━━━ Records provided ━━━

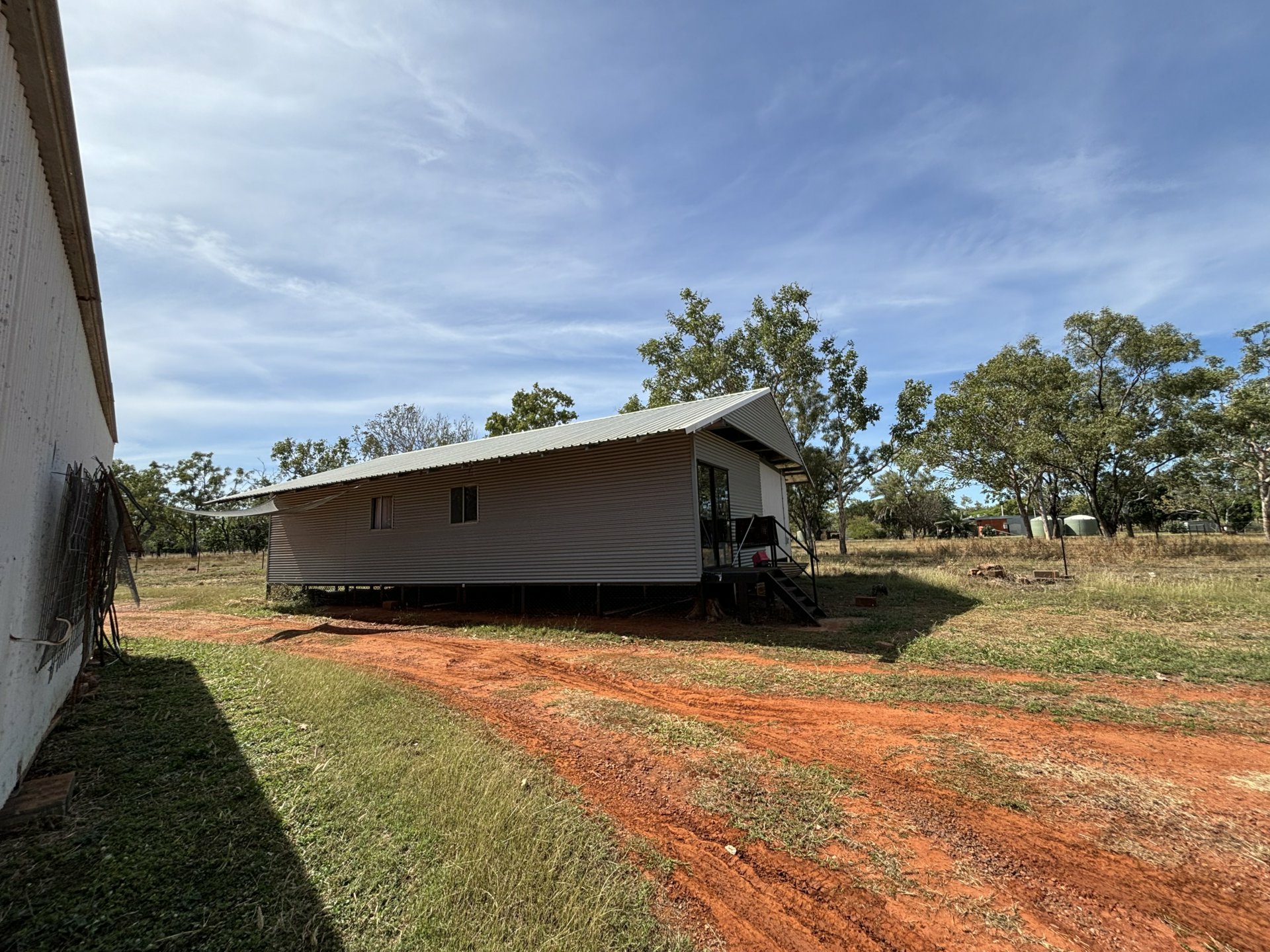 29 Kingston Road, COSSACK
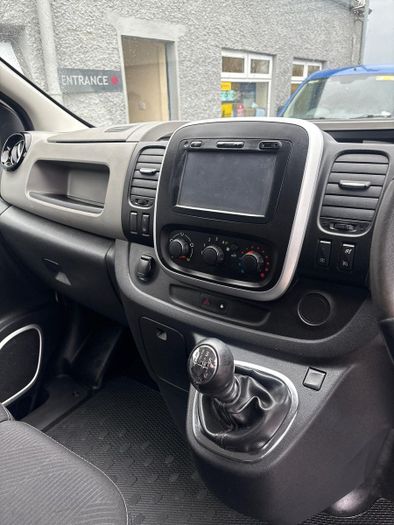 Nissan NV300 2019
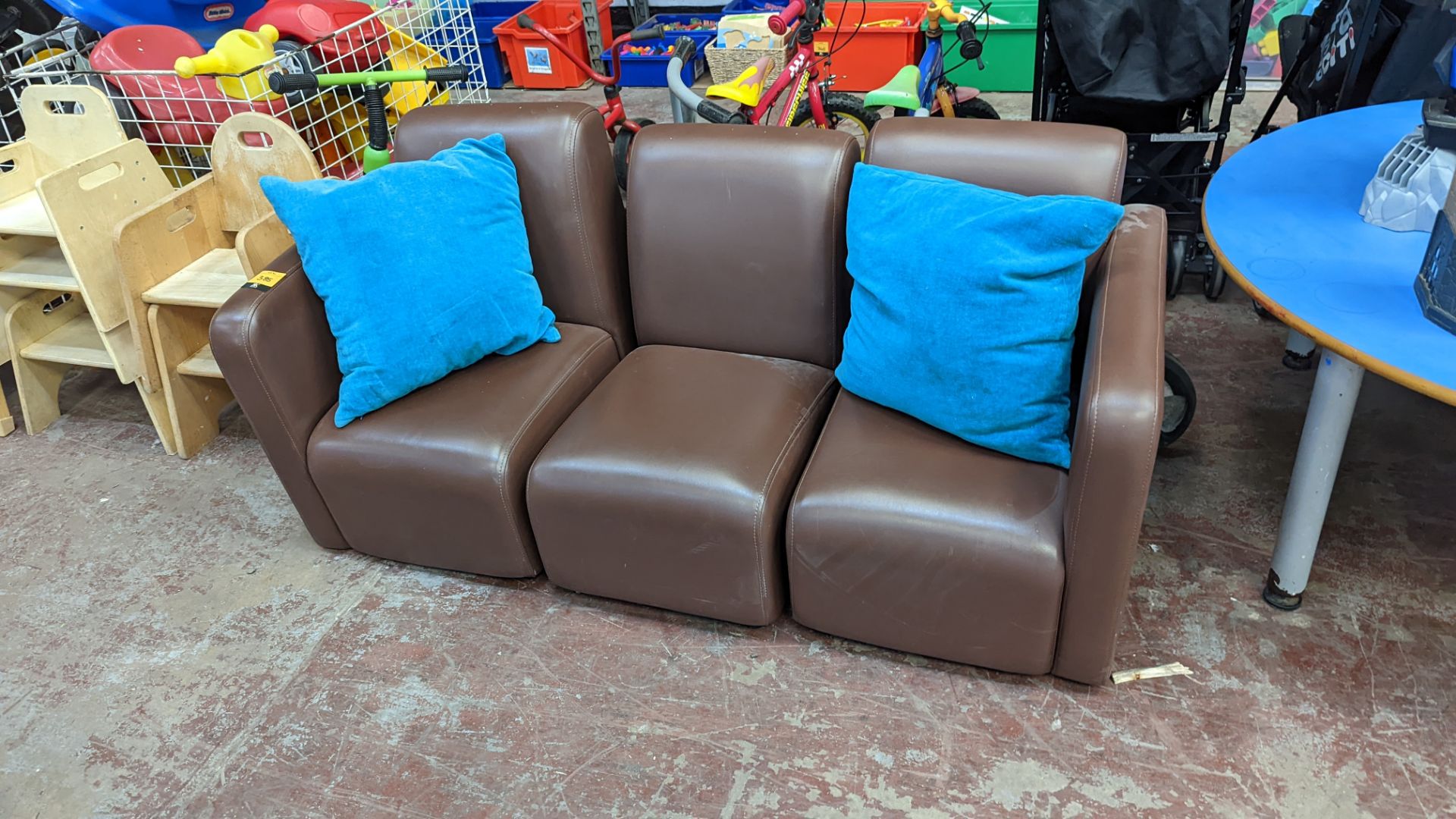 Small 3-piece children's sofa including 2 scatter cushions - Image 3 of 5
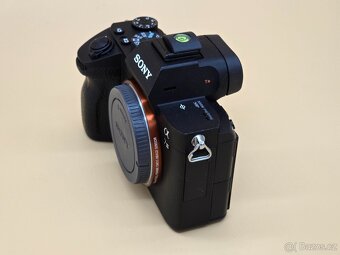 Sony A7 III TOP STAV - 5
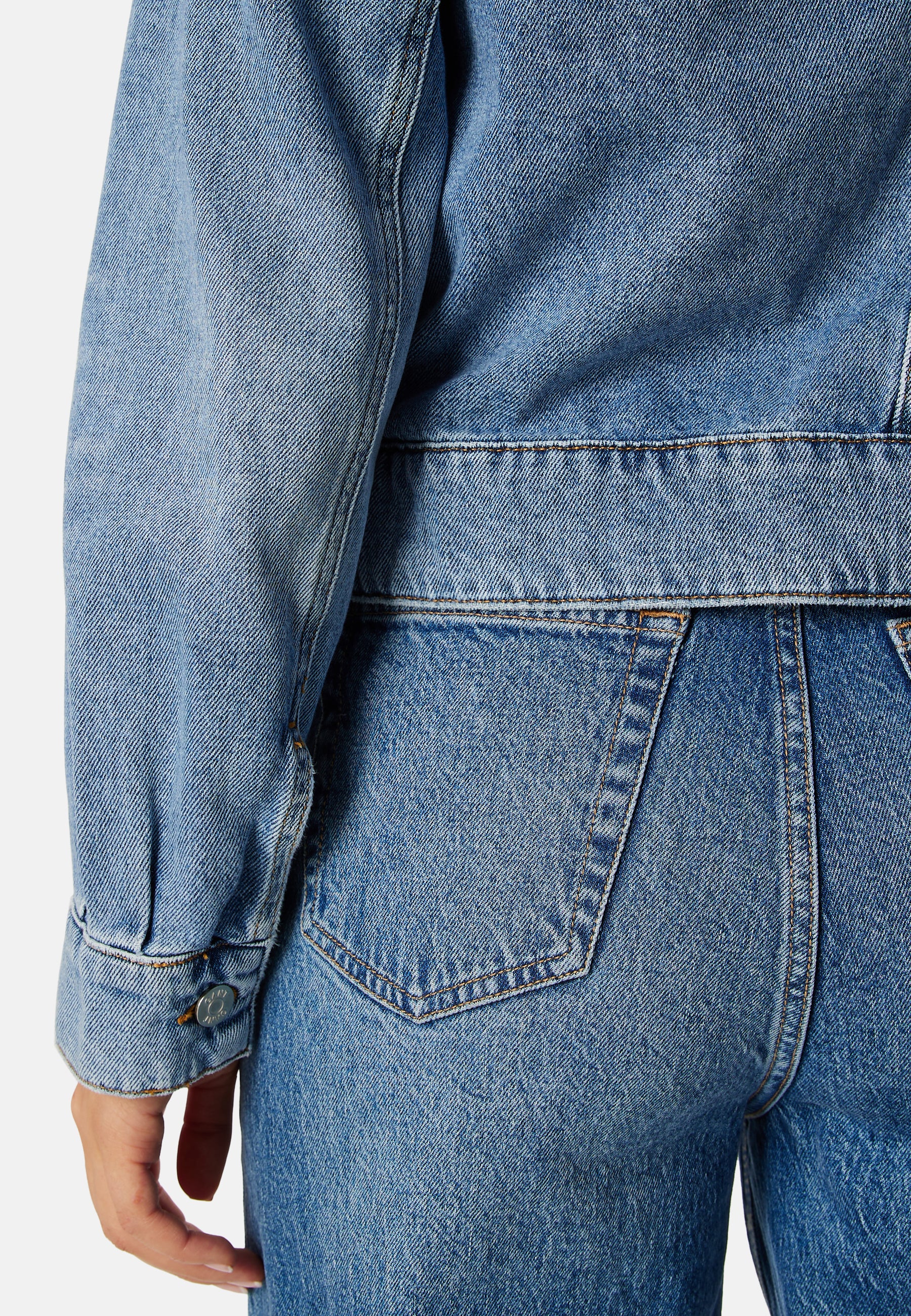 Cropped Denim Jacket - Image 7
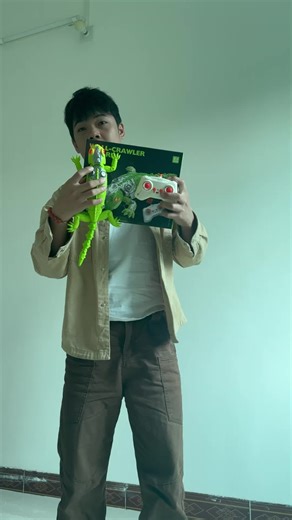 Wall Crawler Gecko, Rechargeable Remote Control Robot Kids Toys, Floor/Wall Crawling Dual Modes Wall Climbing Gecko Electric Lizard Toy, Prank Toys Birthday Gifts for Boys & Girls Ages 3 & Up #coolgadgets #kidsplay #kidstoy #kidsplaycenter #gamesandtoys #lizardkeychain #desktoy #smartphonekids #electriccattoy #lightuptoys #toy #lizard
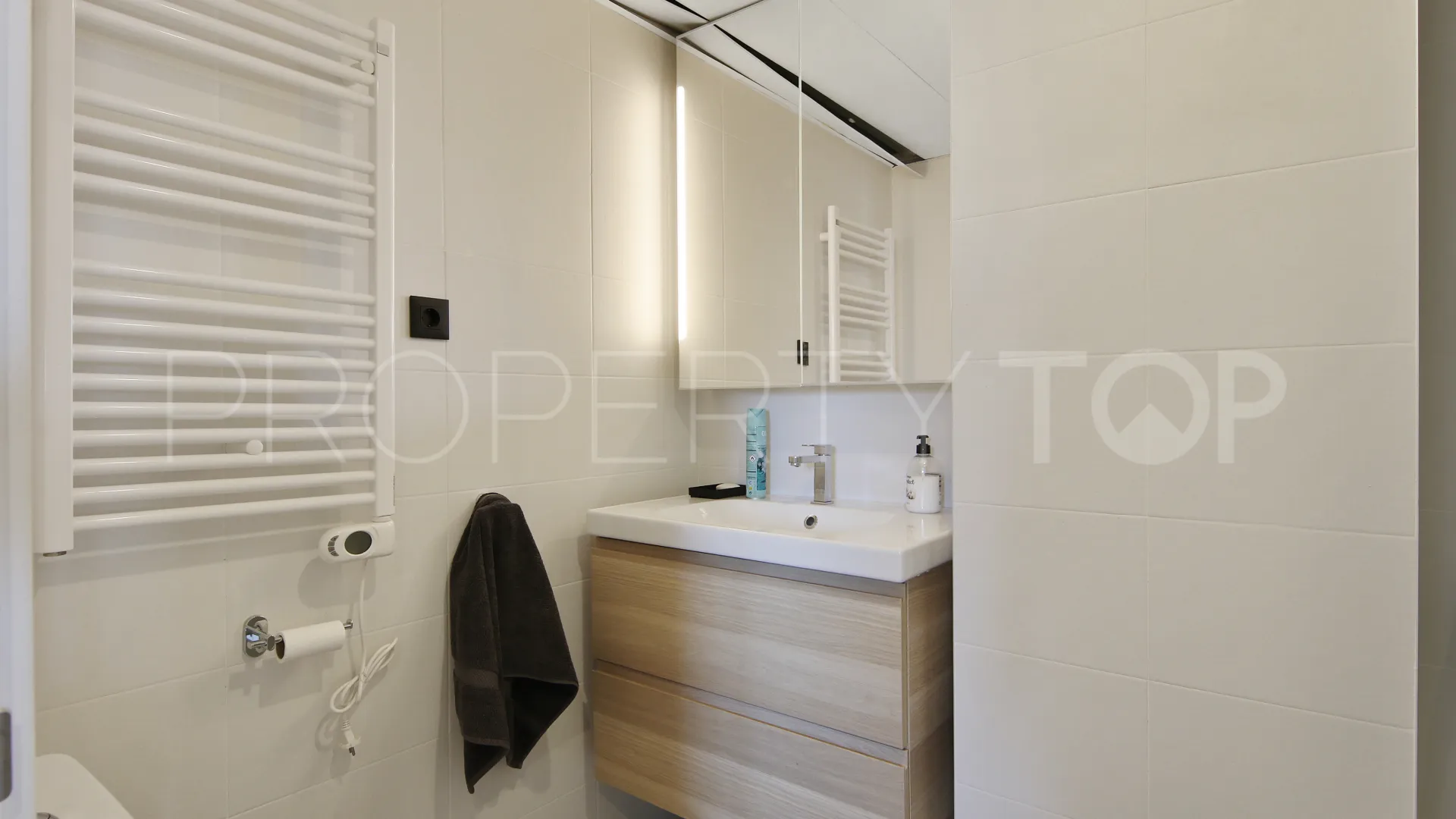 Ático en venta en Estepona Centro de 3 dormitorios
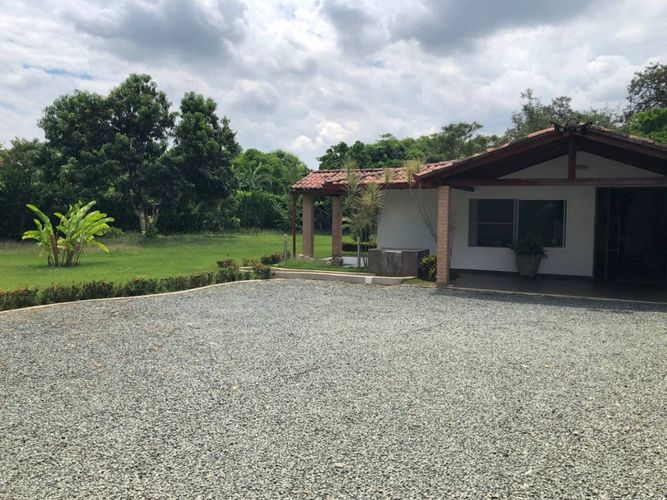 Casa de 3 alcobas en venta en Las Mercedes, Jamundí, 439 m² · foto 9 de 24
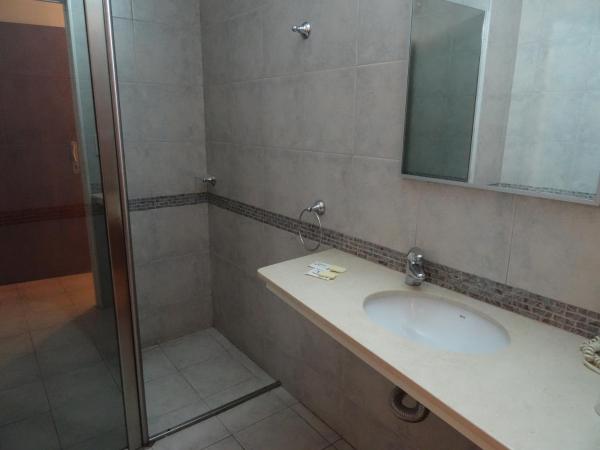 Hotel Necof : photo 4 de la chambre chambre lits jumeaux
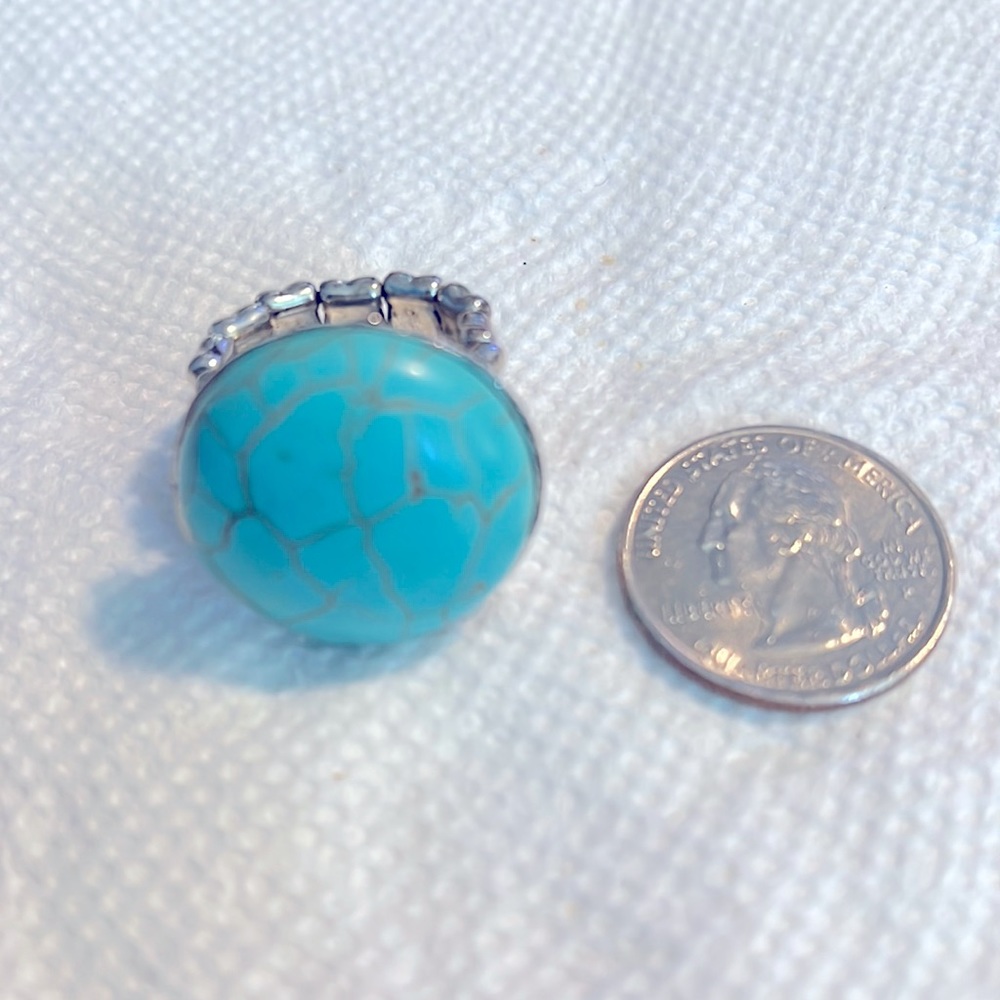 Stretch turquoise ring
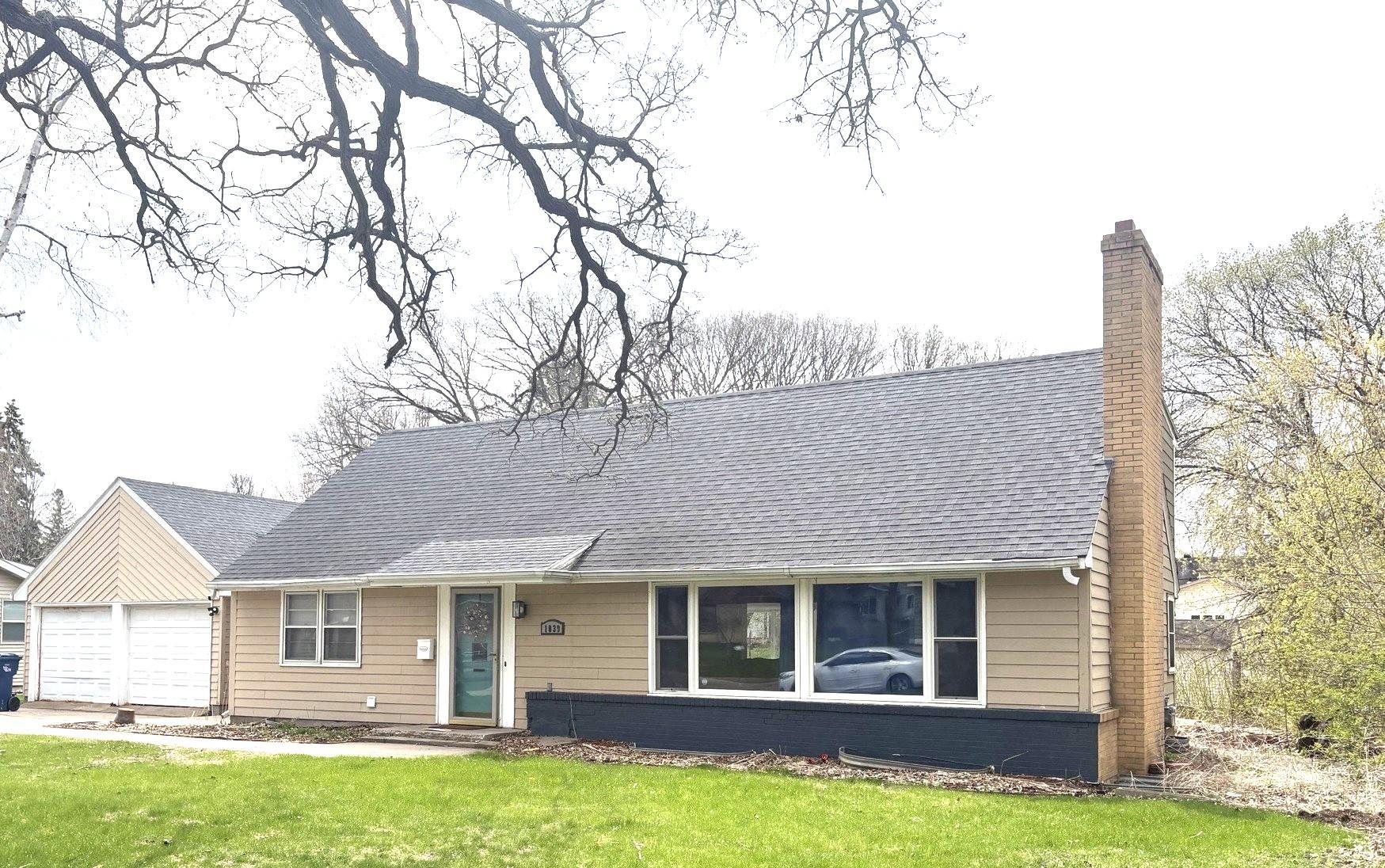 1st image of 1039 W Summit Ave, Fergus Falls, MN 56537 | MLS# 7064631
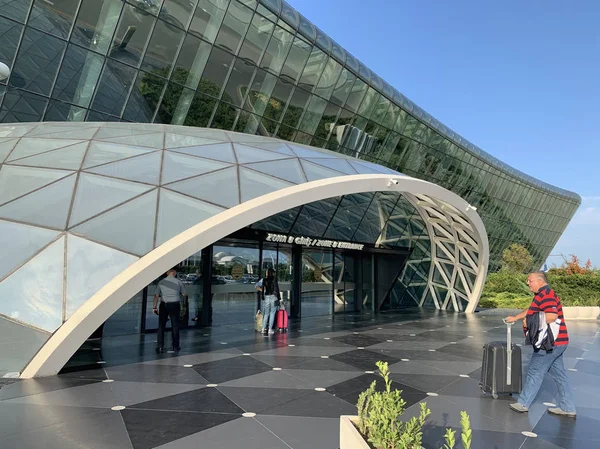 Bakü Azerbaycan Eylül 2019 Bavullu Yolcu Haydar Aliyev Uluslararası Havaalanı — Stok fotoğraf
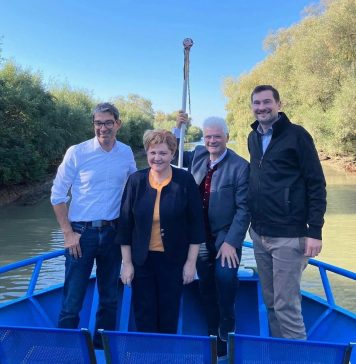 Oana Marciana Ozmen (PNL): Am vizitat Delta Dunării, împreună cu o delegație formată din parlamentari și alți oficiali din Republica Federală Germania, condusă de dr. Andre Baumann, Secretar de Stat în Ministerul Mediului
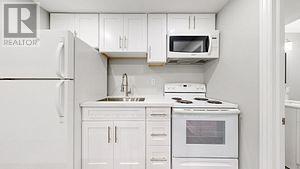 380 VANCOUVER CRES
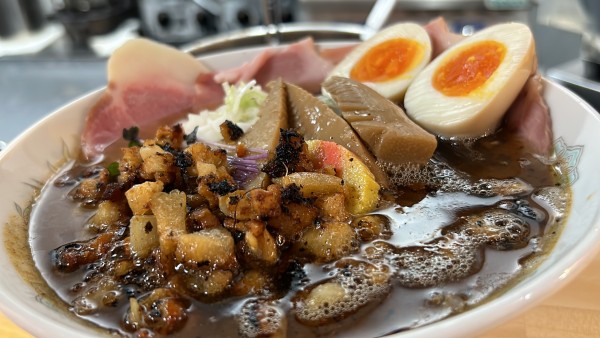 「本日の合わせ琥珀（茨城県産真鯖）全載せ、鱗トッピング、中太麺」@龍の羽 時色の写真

━━━

### To do:
Excluding the pictures, restate word for word the lines from the one that holds "Ático en venta" through the last line of the entries, both ends included.

### Written response:
 Ático en venta en Estepona Centro de 3 dormitorios
 Casa de 3 alcobas en venta en Las Mercedes, Jamundí, 439 m² · foto 9 de 24
 Hotel Necof : photo 4 de la chambre chambre lits jumeaux
 Stretch turquoise ring
 1st image of 1039 W Summit Ave, Fergus Falls, MN 56537 | MLS# 7064631
 Bakü Azerbaycan Eylül 2019 Bavullu Yolcu Haydar Aliyev Uluslararası Havaalanı — Stok fotoğraf
 Oana Marciana Ozmen (PNL): Am vizitat Delta Dunării, împreună cu o delegație formată din parlamentari și alți oficiali din Republica Federală Germania, condusă de dr. Andre Baumann, Secretar de Stat în Ministerul Mediului
 380 VANCOUVER CRES
 「本日の合わせ琥珀（茨城県産真鯖）全載せ、鱗トッピング、中太麺」@龍の羽 時色の写真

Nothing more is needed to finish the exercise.